We are trying to migrate one of our production services from MSSQL to ESDB. by running an import using AppendToStreamAsync. However it stops working every 100 events or so by throwing a DeadlineExceeded exception. This is what we’re seeing in the client log:
[16:00:18 INF] Processing PageAddedEventV1(4d2e3b7c-5d99-4ced-af84-44dfa4dc27f7) [03511016]...
[16:00:18 DBG] Starting gRPC call. Method type: 'ServerStreaming', URI: 'https://esdb3.joure1.net:2113/event_store.client.streams.Streams/Read'.
[16:00:18 DBG] Sending message.
[16:00:18 VRB] Serialized 'EventStore.Client.Streams.ReadReq' to 80 byte message.
[16:00:18 VRB] Message sent.
[16:00:18 VRB] Response headers received.
[16:00:18 DBG] Reading message.
[16:00:18 VRB] Deserializing 56 byte message to 'EventStore.Client.Streams.ReadResp'.
[16:00:18 VRB] Received message.
[16:00:18 DBG] Reading message.
[16:00:18 INF] Appending PageAddedEventV1(4d2e3b7c-5d99-4ced-af84-44dfa4dc27f7) to stream pageaggregate-b11dc7e0-bf6d-5bf1-8c03-f218e803ea8a...
[16:00:18 VRB] No message returned.
[16:00:18 DBG] Append to stream - pageaggregate-b11dc7e0-bf6d-5bf1-8c03-f218e803ea8a@Any.
[16:00:18 DBG] Finished gRPC call.
[16:00:18 DBG] Sending message.
[16:00:18 VRB] Serialized 'EventStore.Client.Streams.BatchAppendReq' to 2148 byte message.
[16:00:18 VRB] Message sent.
[16:00:21 VRB] Deserializing 143 byte message to 'EventStore.Client.Streams.BatchAppendResp'.
[16:00:21 VRB] Received message.
[16:00:21 DBG] Reading message.
[16:00:51 ERR] Processing failed
System.AggregateException: One or more errors occurred. (Status(StatusCode="DeadlineExceeded", Detail="Timeout"))
---> Grpc.Core.RpcException: Status(StatusCode="DeadlineExceeded", Detail="Timeout")
at EventStore.Client.Streams.BatchAppendResp.ToWriteResult()
at EventStore.Client.EventStoreClient.StreamAppender.Receive()

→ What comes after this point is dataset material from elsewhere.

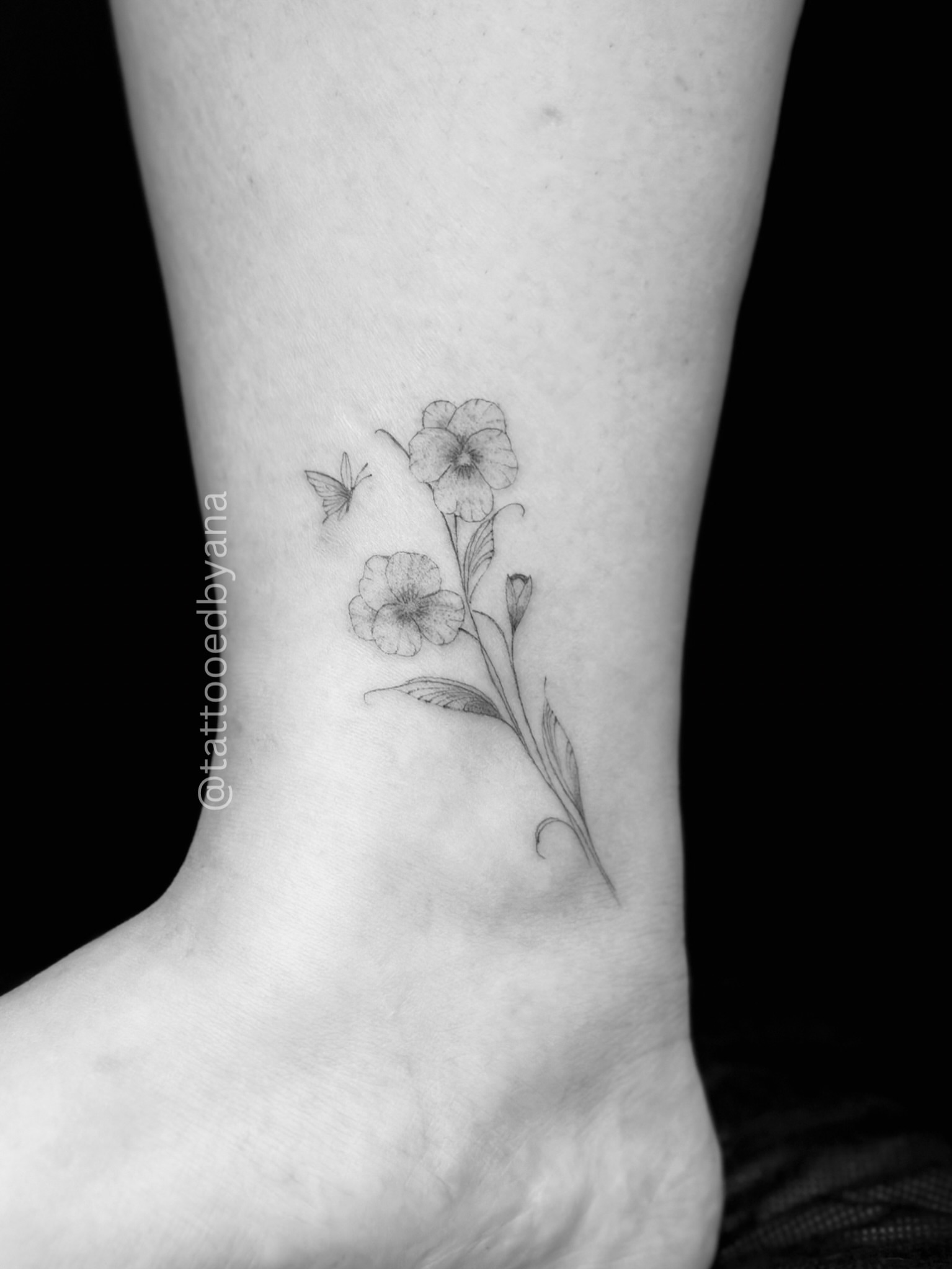 Flowers and butterfly realism tattoo on the foot by Tattoo artist Denver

at EventStore.Client.EventStoreClient.StreamAppender.AppendInternal(Options options, IEnumerable`1 events, CancellationToken cancellationToken)
at EventStore.Client.EventStoreClient.AppendToStreamAsync(String streamName, StreamState expectedState, IEnumerable`1 eventData, Action`1 configureOperationOptions, Nullable`1 deadline, UserCredentials userCredentials, CancellationToken cancellationToken)

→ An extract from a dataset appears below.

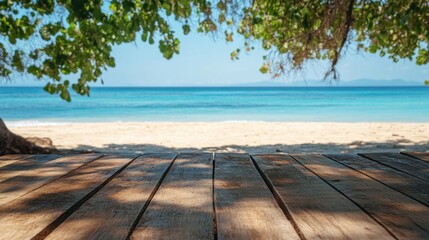 Fototapeta premium Serene tropical beach view from wooden deck under lush foliage capturing the essence of summer paradise with turquoise sea and clear blue sky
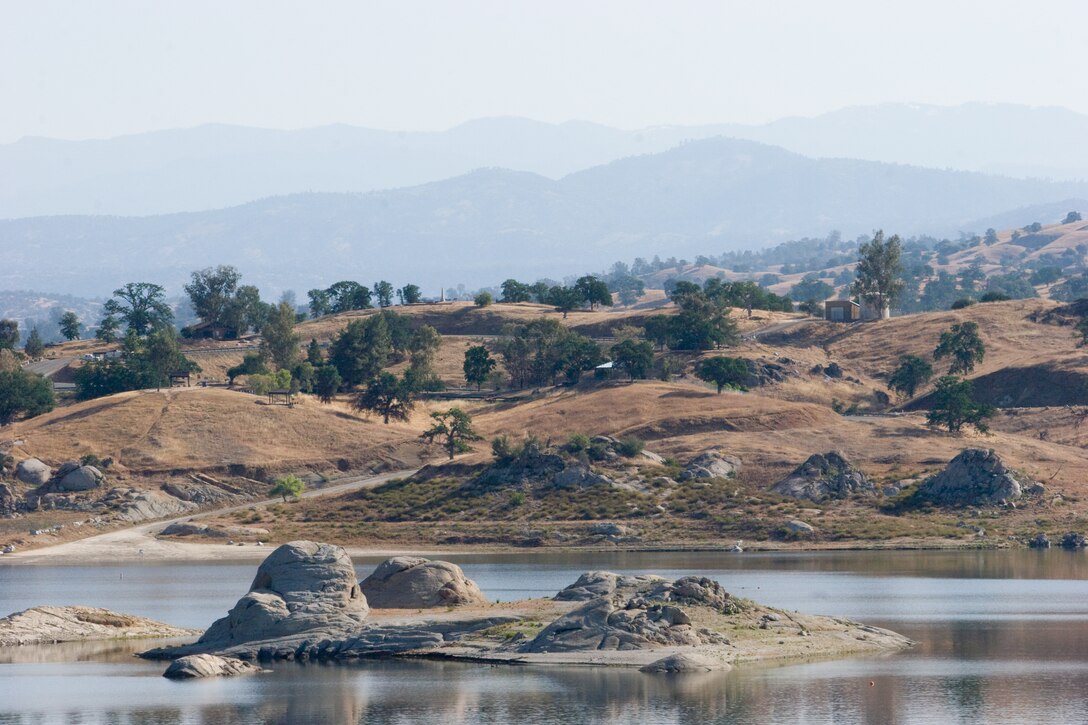 Hensley Lake is framed by a series of receding hills.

--- End of inner exception stack trace ---
at System.Threading.Tasks.Task.ThrowIfExceptional(Boolean includeTaskCanceledExceptions)
at System.Threading.Tasks.Task.Wait(Int32 millisecondsTimeout, CancellationToken cancellationToken)
at System.Threading.Tasks.Task.Wait()
at Program.<Main>$(String[] args) in ...\Program.cs:line 175
We’ve been checking the flow for every imported events, but there are no significant differences. It just stops after reading the BatchAppendResp.
Our code has been tested already in a staging environment. Here we were able to import over 900K events without any exceptions.
Program.cs
try
{
var events = client.ReadStreamAsync(Direction.Forwards, streamName, StreamPosition.Start);
if (events.AnyAsync(a => a.OriginalEvent.EventId == eventId).Result)
{
logger.LogWarning($"Skipping {messageName}({messageId}) [{sequenceId:00000000}] as it already has been appended...");
continue;
}
}
catch
{
//***** Do nothing;
}
//*****
var eventData = new EventData[] { new(eventId, messageName, data, headers, mediaType) };
logger.LogInformation($"Appending {messageName}({messageId}) to stream {streamName}...");
client.AppendToStreamAsync(streamName, StreamState.Any, eventData).Wait();
logger.LogInformation($"{messageName}({messageId}) appended to stream {streamName}");
We are running ESDB 21.10.1.0 with client version 22.0.0.
We’ve just noticed a difference in server version between staging and production. Staging was running on version 21.10.2.0 and production on 21.10.1.0. Just updated production to 21.10.2.0 and seemed to work like a charm. But after 11K events or so, a deadline exception was thrown again. The problem is that the client connection is lost after that. As the client is a singleton, it requires the service to restart. Is there another approach possible for the client allowing a more resilient behaviour? Is singleton required, or could it be a per request connection?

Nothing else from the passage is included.